OccNeRF: Advancing 3D Occupancy Prediction in LiDAR-Free Environments

TL;DR

OccNeRF tackles LiDAR-free 3D occupancy prediction by learning occupancy fields from multi-camera imagery without 3D supervision. It introduces a parameterized, unbounded occupancy representation and uses neural rendering with multi-frame photometric supervision, plus open-vocabulary semantic prompts to supervise semantics. The method achieves strong results in self-supervised depth estimation and competitive occupancy prediction on nuScenes and SemanticKITTI, demonstrating data efficiency and scalability. The work advances vision-centric 3D scene understanding for autonomous driving by removing dependence on LiDAR data and enabling flexible semantic labeling through open-vocabulary models.

Abstract

Occupancy prediction reconstructs 3D structures of surrounding environments.
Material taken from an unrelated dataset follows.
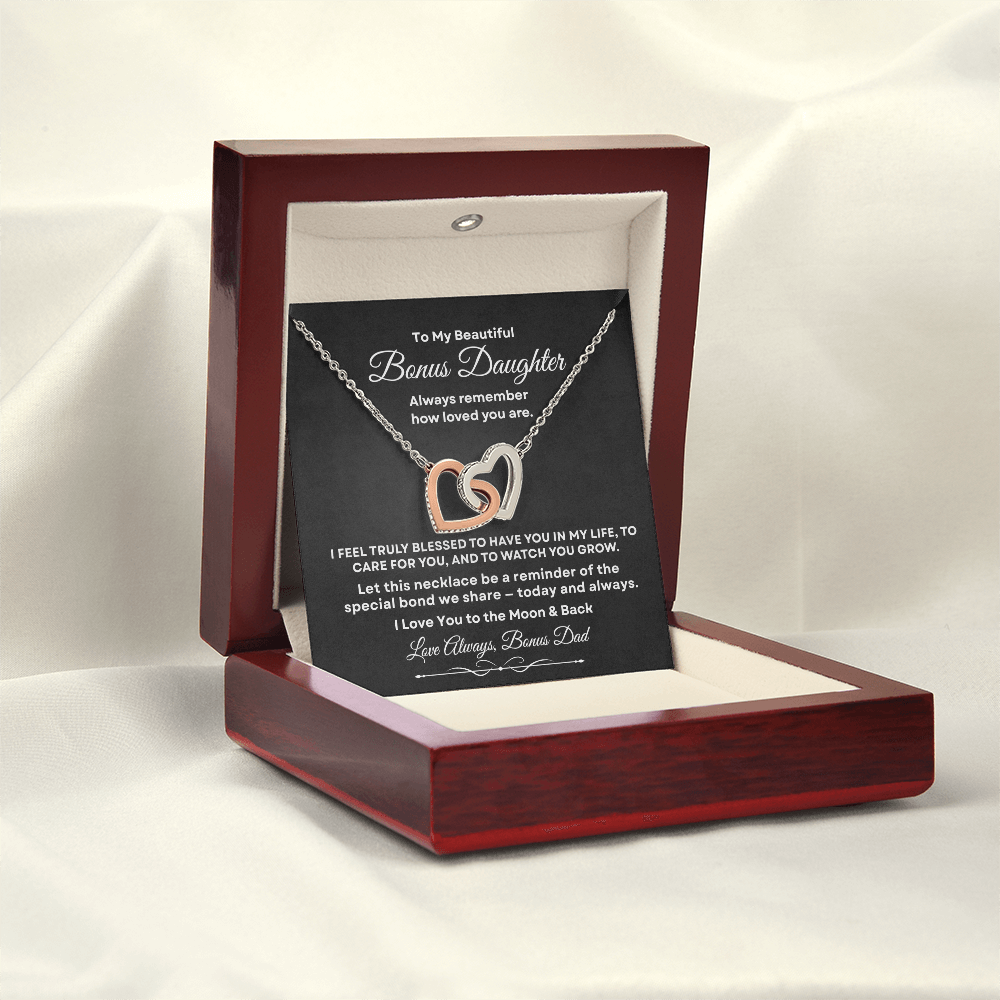 Interlocking hearts necklace in 18K yellow gold finish displayed inside a mahogany luxury gift box with built-in LED light on a message card for bonus daughter.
It provides detailed information for autonomous driving planning and navigation. However, most existing methods heavily rely on the LiDAR point clouds to generate occupancy ground truth, which is not available in the vision-based system. In this paper, we propose an OccNeRF method for training occupancy networks without 3D supervision. Different from previous works which consider a bounded scene, we parameterize the reconstructed occupancy fields and reorganize the sampling strategy to align with the cameras' infinite perceptive range. The neural rendering is adopted to convert occupancy fields to multi-camera depth maps, supervised by multi-frame photometric consistency. Moreover, for semantic occupancy prediction, we design several strategies to polish the prompts and filter the outputs of a pretrained open-vocabulary 2D segmentation model. Extensive experiments for both self-supervised depth estimation and 3D occupancy prediction tasks on nuScenes and SemanticKITTI datasets demonstrate the effectiveness of our method.

Figures (11)

• Figure 1: The overview of OccNeRF. To represent unbounded scenes, we propose a parameterized coordinate to contract infinite space to bounded occupancy fields. Without using any LiDAR data or annotated labels, we leverage temporal photometric constraints and pretrained open-vocabulary segmentation models to provide geometric and semantic supervision.
• Figure 2: (a) During inference, a 2D backbone first extracts features from multiple cameras, which are then projected and interpolated into 3D space to create volume features. These are used to reconstruct parameterized occupancy fields that capture the extent of unbounded scenes. (b) During training, to generate rendered depth and semantic maps, we employ volume rendering using a redesigned sampling strategy. The depths from multiple frames are refined through the photometric loss. For the semantic prediction, we utilize pretrained Grounded-SAM model enhanced with prompt cleaning. The green arrow denotes the supervision signal.
• Figure 3: Comparison between original space and parameterized space. The original space utilizes the conventional Euclidean space, emphasizing linear mapping. The parameterized space is divided into two parts: an inner space with linear mapping to preserve high-resolution details and an outer space where point distribution is scaled inversely with distance. This design facilitates the representation of an infinite range within a finite spatial domain.
• Figure 4: Label generation. Detection bounding boxes generated by our Grounding DINO and semantic labels predicted by SAM in our method exhibit precision, which is comparable with that of LiDAR points projection labels.
• Figure 5: Qualitative results on nuScenes dataset nuscenes. Our method can predict visually appealing depth maps with texture details and fine-grained occupancy. Better viewed when zoomed in.